In your copy, the records appear word for word and the pictures do not appear at all.

Caption-style text data:

----------

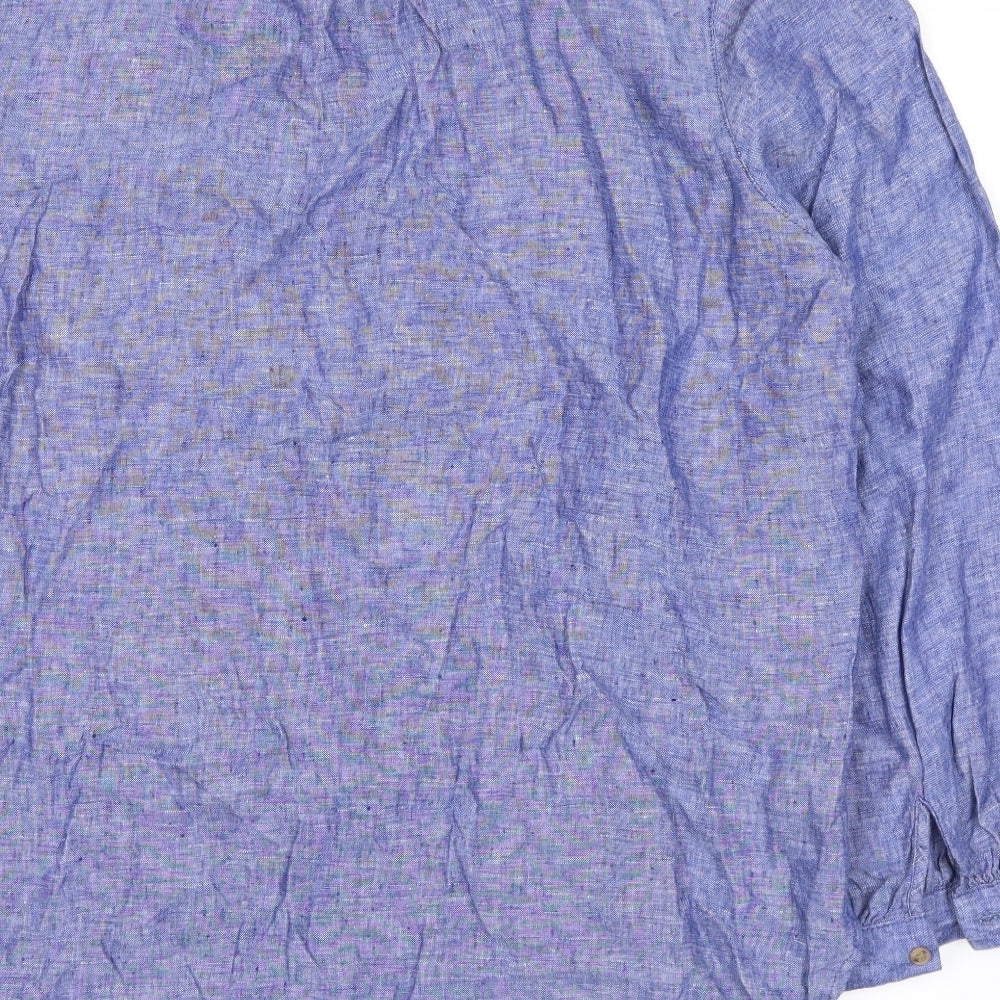 Marks and Spencer Womens Blue   Basic Button-Up Size 16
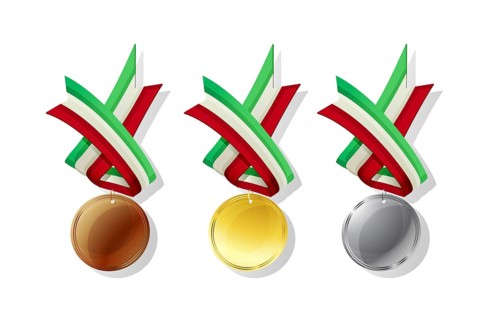 Hungarian medals in gold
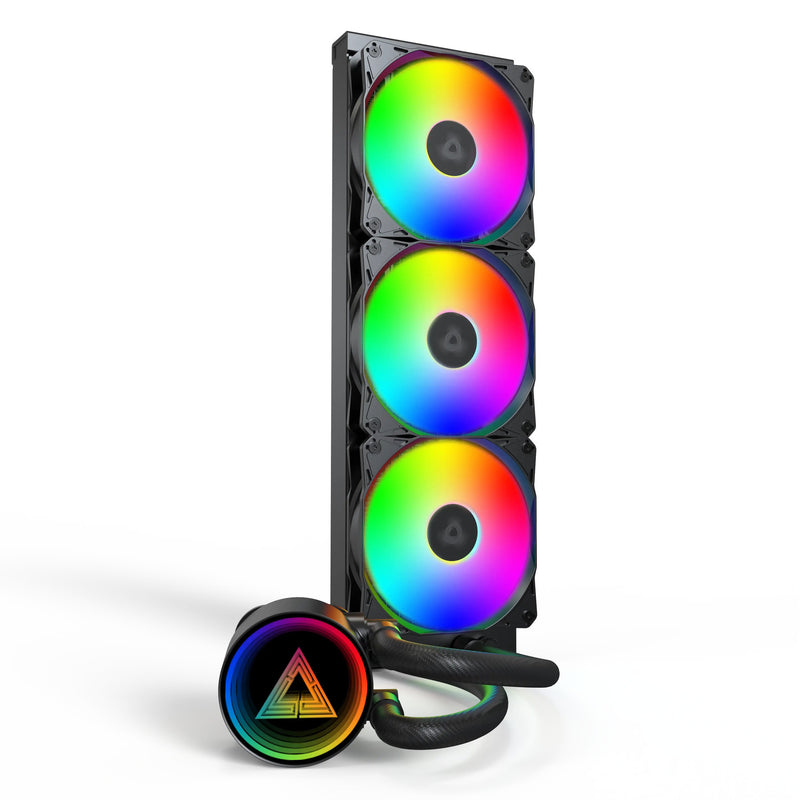 Load image into Gallery viewer, Montech lightflow argb 360 waterkoeling (zwart)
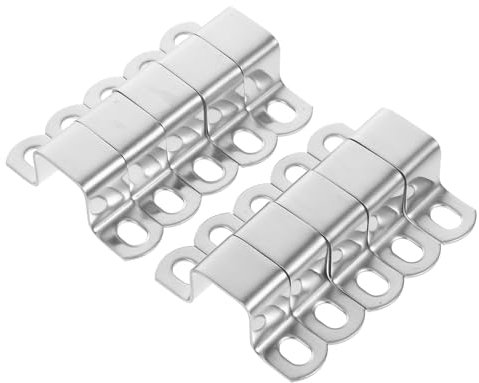 HOMOBABE 10pcs Square Tube Clamps U-Shaped Bracket Connector Stainless Steel Tube Buckle Pipe Saddle Clamp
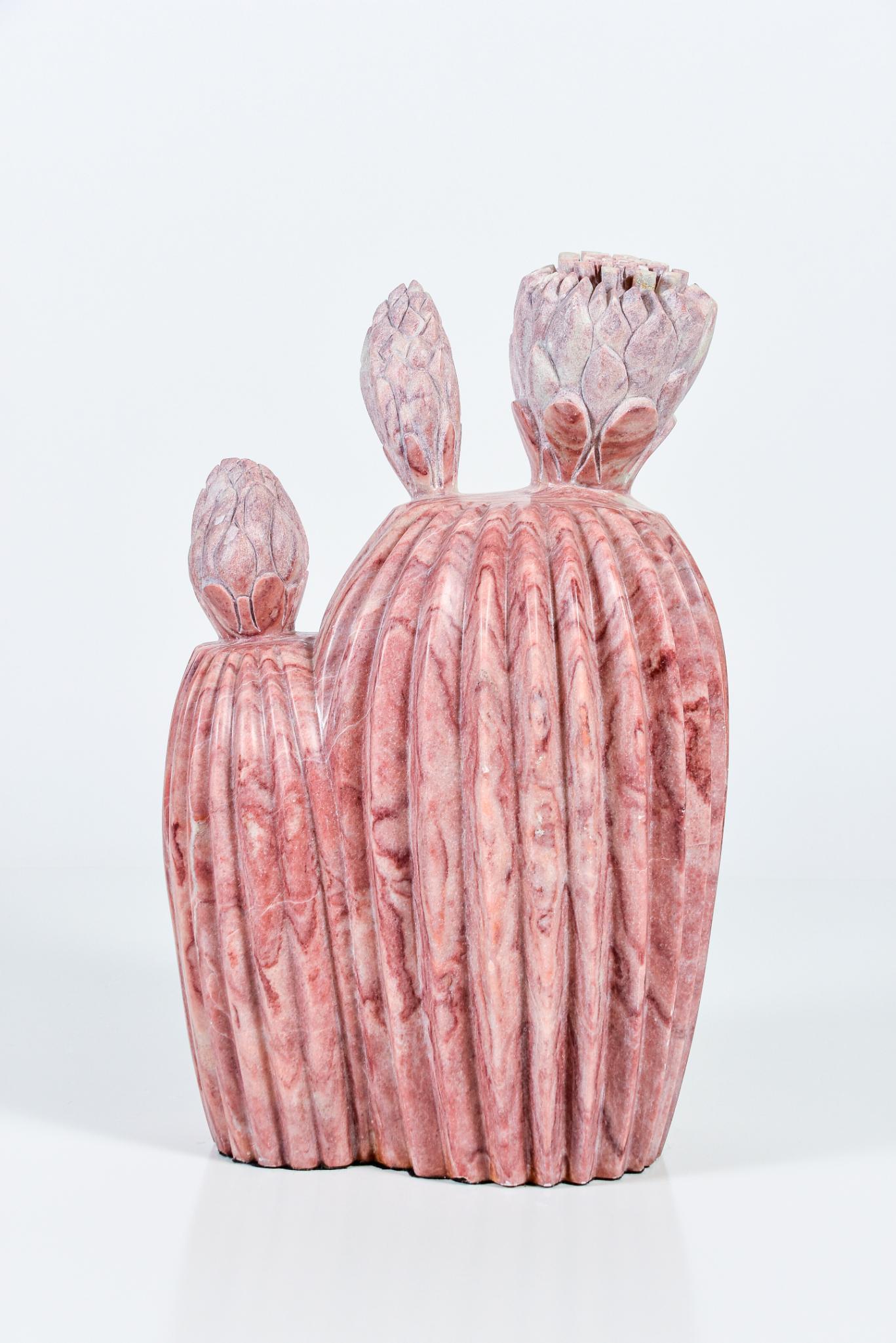 Alabaster Cactus Sculpture (1 of 8)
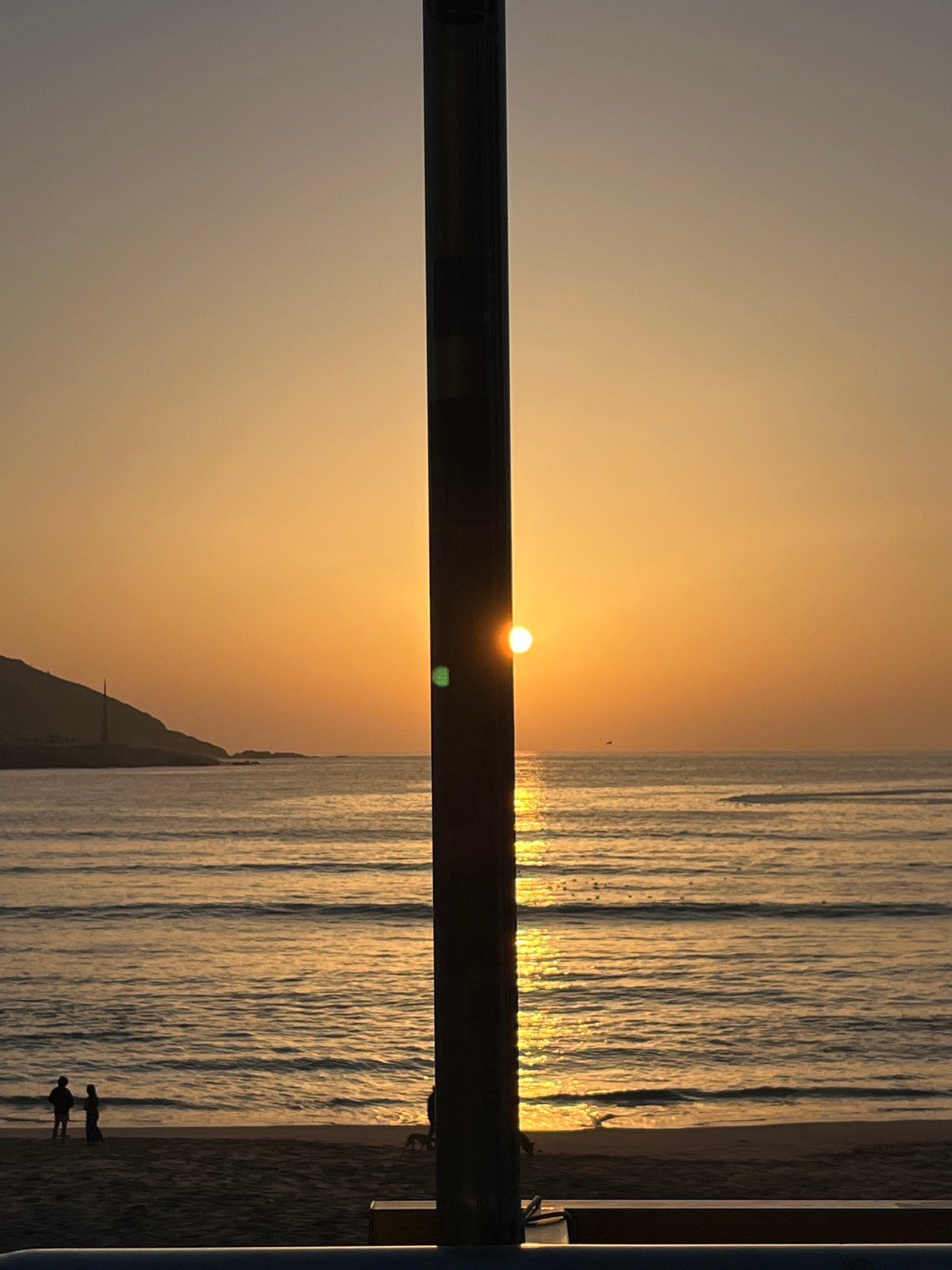 Sunset documented across A Coruña beaches and waterfront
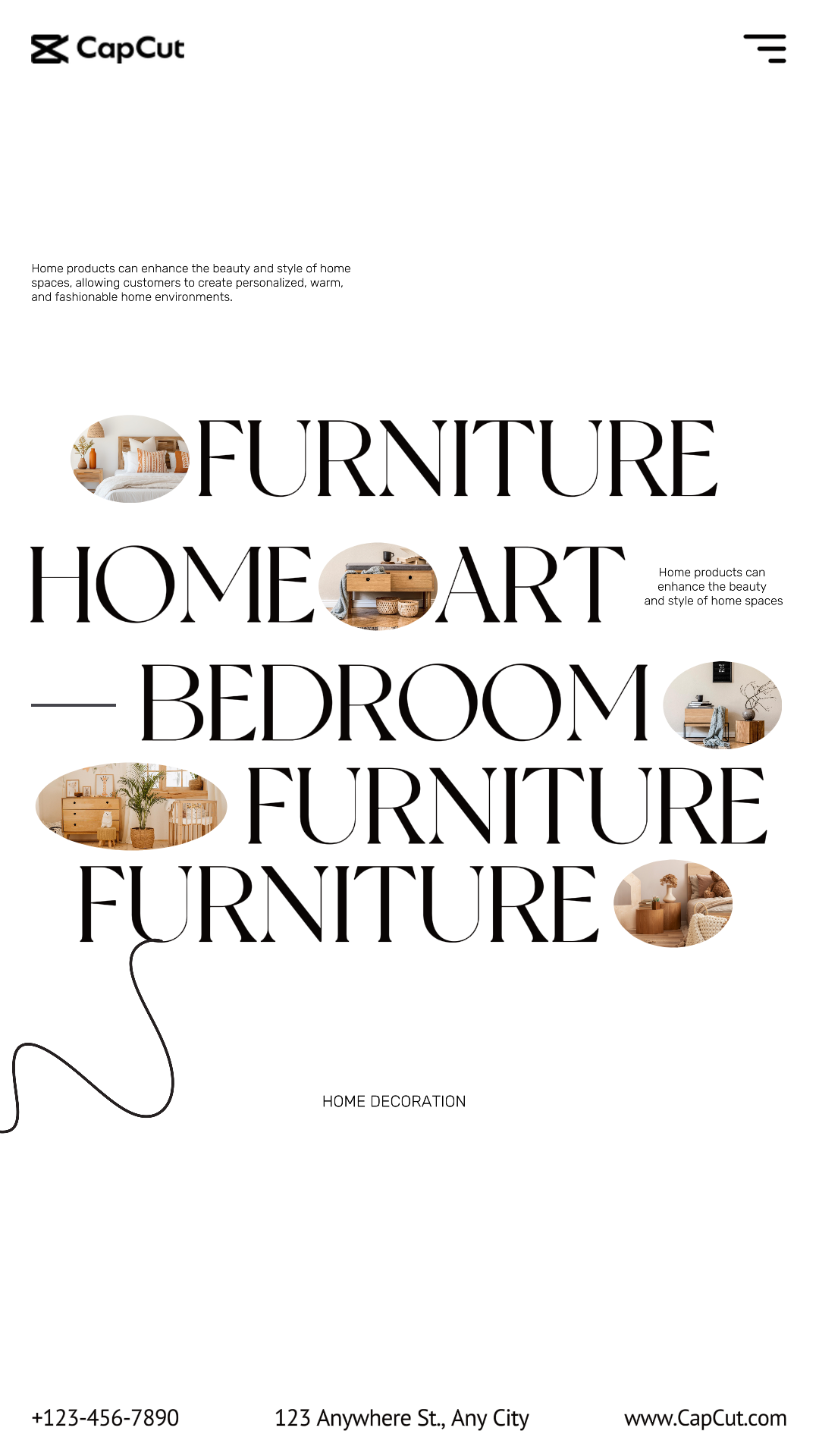 Home Furnishings  Foyer display simple style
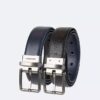 Ceinture habillée réversible en cuir Saffiano Ceinture habillée réversible en cuir Saffiano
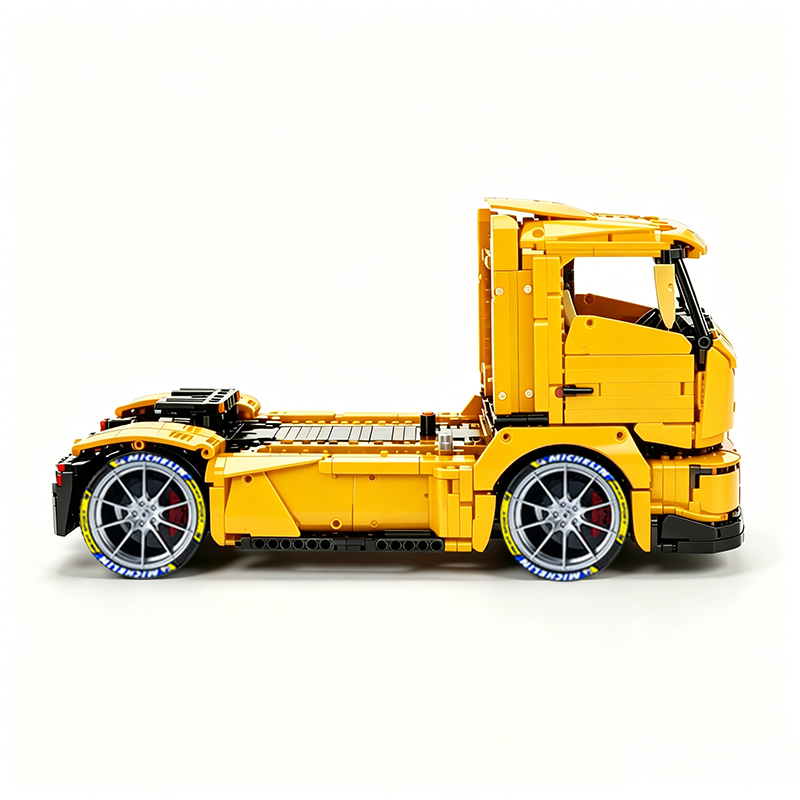 MOC-88792 1:11 Sports Car Race Truck Building Block Set 2064pcs Collectible Model Kit with Custom Wheels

----------

## Expected output
 Marks and Spencer Womens Blue   Basic Button-Up Size 16
 Hungarian medals in gold
 Load image into Gallery viewer, Montech lightflow argb 360 waterkoeling (zwart)
 HOMOBABE 10pcs Square Tube Clamps U-Shaped Bracket Connector Stainless Steel Tube Buckle Pipe Saddle Clamp
 Alabaster Cactus Sculpture (1 of 8)
 Sunset documented across A Coruña beaches and waterfront
 Home Furnishings  Foyer display simple style
 Ceinture habillée réversible en cuir Saffiano Ceinture habillée réversible en cuir Saffiano
 MOC-88792 1:11 Sports Car Race Truck Building Block Set 2064pcs Collectible Model Kit with Custom Wheels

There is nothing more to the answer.